Many former FDIC officials say it is well positioned to handle new responsibilities, in part because of its experience during the savings and loan crisis, and has a record of managing troubled assets.

"The profile of the FDIC has risen substantially; it does whenever there are crises," said Andrew "Skip" Hove, a former FDIC chairman. "The FDIC went through a similar process in the early 1990s with the savings and loan problems."

Ross Delston, a former assistant general counsel at the FDIC who is now in private practice in Washington, said that even though the current crisis is bigger, the FDIC does have a record of resolving large institutions.

"The FDIC's handling of the last crisis … engendered an enormous amount of confidence in its abilities," Delston said. "That confidence has continued under the current financial crisis."

But others said that this crisis is also more complex and difficult than previous ones, and that the FDIC is being asked to resolve institutions with a far greater magnitude than anything it has handled previously.

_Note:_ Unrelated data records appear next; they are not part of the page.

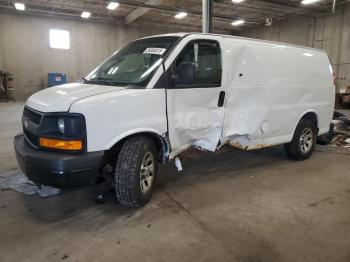  Salvage Chevrolet Express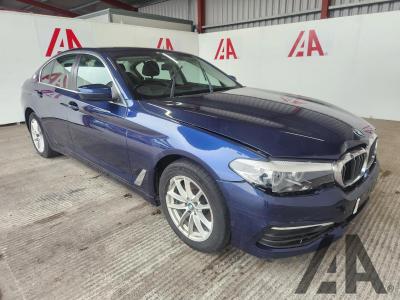 Image of 2019 BMW 5 SERIES 520D SE 1995cc TURBO DIESEL AUTOMATIC 4 DOOR SALOON
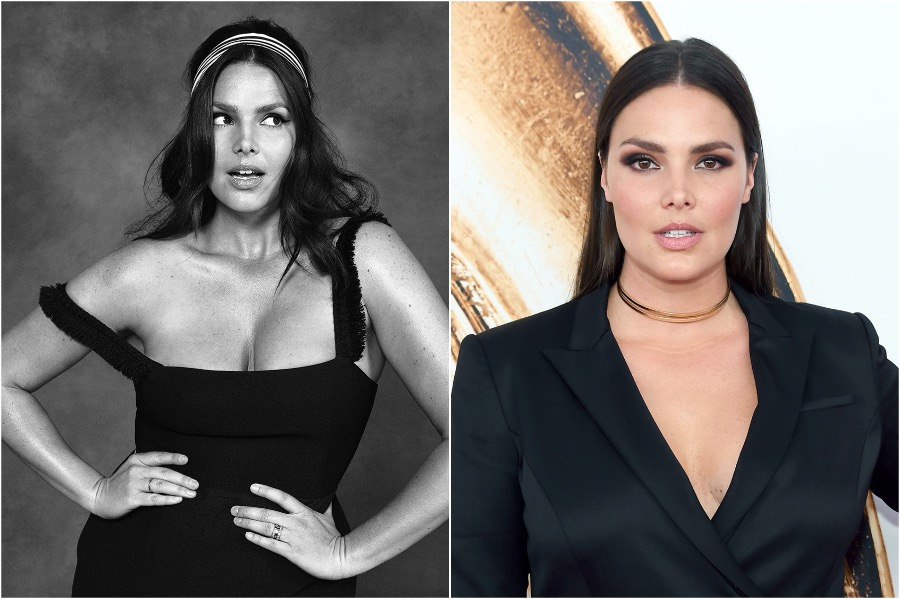 Candice Huffine | 10 Gorgeous Plus-Size Models | Zestardar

"Jamming a tremendously different function under the current statute, which has built an FDIC and funded an FDIC for deposit insurance, creates significant risk for the agency, which … is staffed up to support deposit insurance and [bank] resolutions, not bank and nonbank guarantees, let alone any resulting resolutions that would come from that," said Karen Shaw Petrou, a managing partner of Federal Financial Analytics Inc.

Some observers are asking whether the FDIC should continue to oversee the thousands of state-chartered banks for which it is the primary federal regulator, similar to questions about the Fed's supervision of banks if it is given systemic oversight authority.

"Let the FDIC be the receivership and conservatorship agency, … and consolidate within a banking agency the prudential oversight that's needed," said Cornelius Hurley, a former Fed lawyer and now a Boston University law professor.

Others argued that the FDIC should continue to handle its supervisory role.

Robert DeYoung, a University of Kansas finance professor, said the agency's workload would be lighter once the economy improves. "It's not the case that an agency can't do multiple tasks," he said.